The 2002 Olympic halfpipe champion released a video looking back on her career and thanking her friends, including fellow gold medallists Chloe Kim, Hannah Teter and Torah Bright for making her "a better snowboarder than I ever imagined".
The 35-year-old bows out this weekend at the Winter X Games in Aspen, Colorado.
Clark made her competitive debut in 1999 and went on to score 78 wins from 137 podium finishes in just under 200 events.
She claimed three Olympic medals, following up her gold in Salt Lake City with bronze at Vancouver 2010 and Sochi 2014.
In her 20-year career she has won seven Winter X Games titles and a record eight US Opens.
Pushing the boundaries
Clark was born in Newport, Rhode Island in July 1983 but grew up in West Dover, Vermont and started snowboarding at the age of seven.
She made the USA national 'B' team in 1998/99 and stepped on the podium in her first event, earning her instant promotion to the 'A' team.
But 2002 was her breakout year.
Clark had deferred her entry to the University of Rhode Island and knew that anything less than a successful season would see her take that college place.
Despite tearing a knee meniscus in December 2001, the 18-year-old bounced back to become a snowboard star.
In January 2002, she secured her first Winter X Games title.
And a month later, she produced a superb second run to pip France's Doriane Vidal for Olympic gold in Salt Lake City.
"Does this mean I don't have to go to college?" - Kelly Clark's first words to her father after winning Olympic gold
For the next 14 years, Clark performed at the very top of her sport.
She was also a pioneer of women's snowboarding.
in 2011, before her fourth X Games triumph, she became the first woman to land a 1080 spin.
Clark continued to excel and took three consecutive FIS World Cup titles from 2013 to 2015.
But at the Winter X Games in Norway in February 2016, she crashed heavily suffering a detached hamstring and a serious hip injury.
She told Burton, "I was already dealing with my hip, and everything else was really vulnerable. So I tore my hamstring off the bone as an additional result of the crash."
Incredibly, Clark managed to continue competing for another month.

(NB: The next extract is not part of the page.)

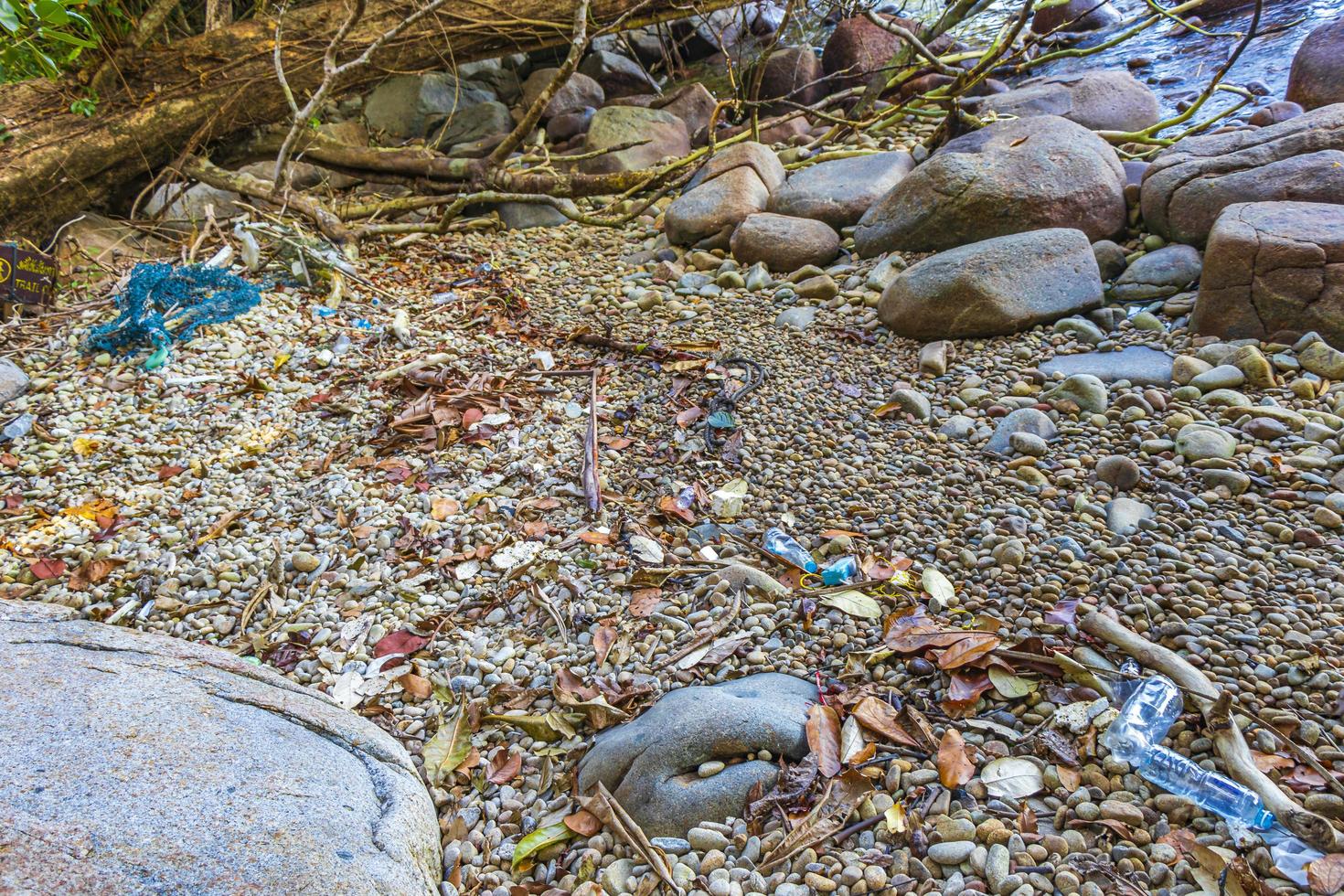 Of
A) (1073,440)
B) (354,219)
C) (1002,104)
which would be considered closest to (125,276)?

But in order to avoid a hip replacement 10 years later, she underwent surgery which required close to a year of rehabilitation.
That did not dent Clark's desire to appear at a fifth Olympic Games, and she won the PyeongChang test event in February 2017.
Then in January 2018, Clark took the US Grand Prix to book her place in Korea.
Her superb comeback did not result in a fourth Olympic medal.
At PyeongChang, she finished fourth for the second time at a Games.
While leading the way on the halfpipe, she became a mentor to younger boarders including a certain Chloe Kim.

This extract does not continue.